Background

Congenital primary inguinal hernia is a common condition among children and with an estimated 20 million cases worldwide each year, hernia repair is postured to be the most frequent surgical procedure within the pediatric population [1, 2]. Inguinal hernia affects 0.8–4.4% of all children [3], with higher incidence rates among males, preterm infants and infants with lower birth weights [1, 4,5,6,7].

Although much literature regarding inguinal hernia is available, large scale analysis are few, and rarely do they expand on gender difference or incarcerated hernias. Thus, our goal was to describe the different characteristics of pediatric inguinal hernia in a large population for both genders based on our 12-year experience, and to accordingly recommend one of the two commonly used methods of hernia repair: the traditional open inguinal hernia repair (OIHR) and laparoscopic inguinal hernia repair (LIHR), conducted by single-site laparoscopic percutaneous extraperitoneal closure (SLPEC) [8]. An additional goal was to describe the characteristics of incarcerated inguinal hernia.

Methods

Patients

A total of 12,190 patients who were admitted to the Department of General Surgery in Beijing Children’s Hospital diagnosed as inguinal hernia during the span of 2007 to 2019 were included in this retrospective study. A history of inguinal reversible mass, with positive physical examination (demonstrable hernia or incarcerated hernia) and inguinal region ultrasound confirmation was used as the criteria for diagnosis. Children who received conservative treatment were removed from the study, and children who received hernia repair under general anesthesia were included. Follow up in the outpatient clinic was held. Retrospective collection of all patients’ data was collected from medical records.

Operation approach

Hernia repair was carried out via high ligation of the hernia sac and performed as either OIHR or LIHR. Before the year 2012, all patients received OIHR. The incision was chosen at the surface projection of the external inguinal ring, and the inguinal ligament was not opened. After individually dragging and separating the layers outside the outer inguinal ring, the hernia sac was ligated at the height of the peritoneum and totally transected.

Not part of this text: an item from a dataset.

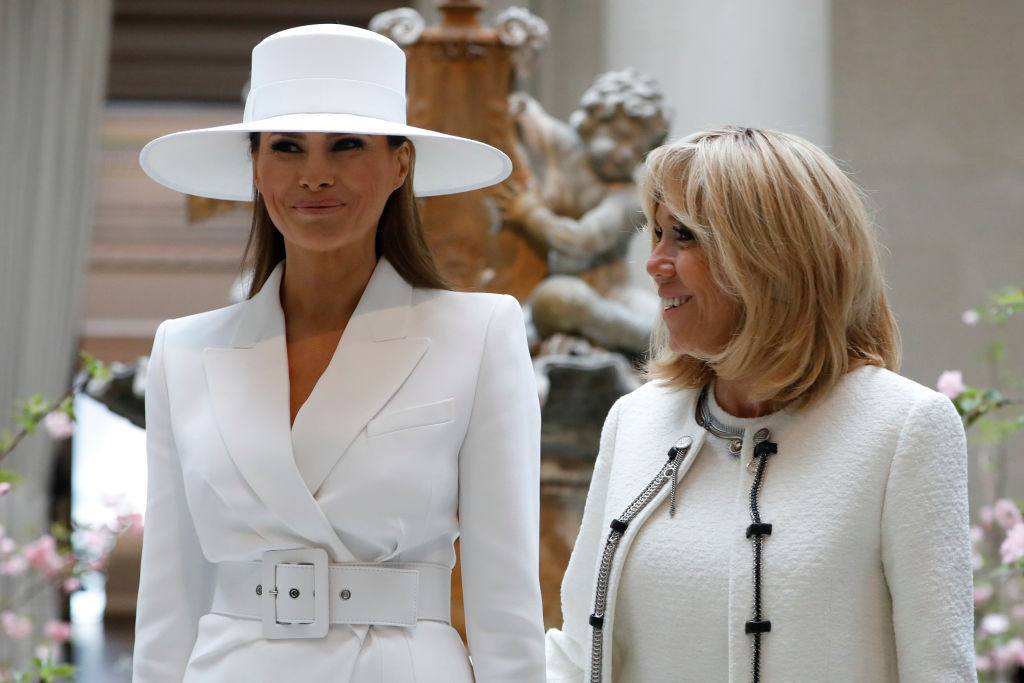 Brigitte Macron, dezvăluiri după vizita la Casa Albă. Melania nu poate să facă nimic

With the growing demand of parents and the improvement of anesthesia, our hospital introduced LIHR in 2012. LIHR was adopted for male patients who were older than 1 year of age, who had no other disease that could potentially affect anesthesia, who presented with inguinal hernia that was not very large, and whose parents requested for laparoscope surgery. OIHR remained the surgery of choice for other male patients. For female patients, LIHR was always recommended unless the patient had another disease that could affect anesthesia or if her parents strongly preferred OIHR. LIHR was performed using single-site laparoscopic percutaneous extraperitoneal closure (SLPEC). A single 5 mm trocar was placed at the umbilical region to create pneumoperitoneum and to insert a 5 mm laparoscope. A double suture hernia needle was inserted at the surface projection of the internal inguinal ring, and the peritoneum was punctured after threading a half circle around the hernia sac. The needle was then returned to the starting point and the remainder of the circle was threaded. Lastly, the needle was penetrated through the abdominal wall at the site of the original puncture hole, securing the suture and closing the hernia sac via the extraperitoneal knot. Contralateral exploration was performed and all contralateral patent processus vaginalis (PPV) were repaired simultaneously for the potential contralateral synchronous hernia (CSH) during LIHR.

Statistical analysis

All the data were analyzed using SPSS for Windows version 17.0. Normal distribution data was presented by (mean ± standard deviation). Non-normal distribution data was presented by median [interquartile range (IQR) first quartile–third quartile]. Categorical variables were presented by frequencies and percentages. Chi-square test and Mann Whitney U test was used to establish significance among two and single categorical data groups respectively, P < 0.05 was considered statistically significant.

Results

A total of 12,190 patients, 10,072 male (82.6%) and 2118 female (17.4%), were included in this study. The ratio of male to female was 4.8:1. The median age of patients at time of surgery was 3 years 1 month (IQR 1 year 8 months–5 years 6 months) and ranged from 1 day to 17 years 8 months. There was a total of 10,646 unilateral hernias (87.3%) and 1544 bilateral hernias (12.7%), with a corresponding ratio of 6.9:1. The ratio of right: left: bilateral hernia was 4.1:2.8:1 (6372:4274:1544). The incidence of bilateral hernia in male and female patients was 8.2% and 4.4% respectively, with a corresponding ratio of 1.9:1. Demographics of the patients were described in Table 1.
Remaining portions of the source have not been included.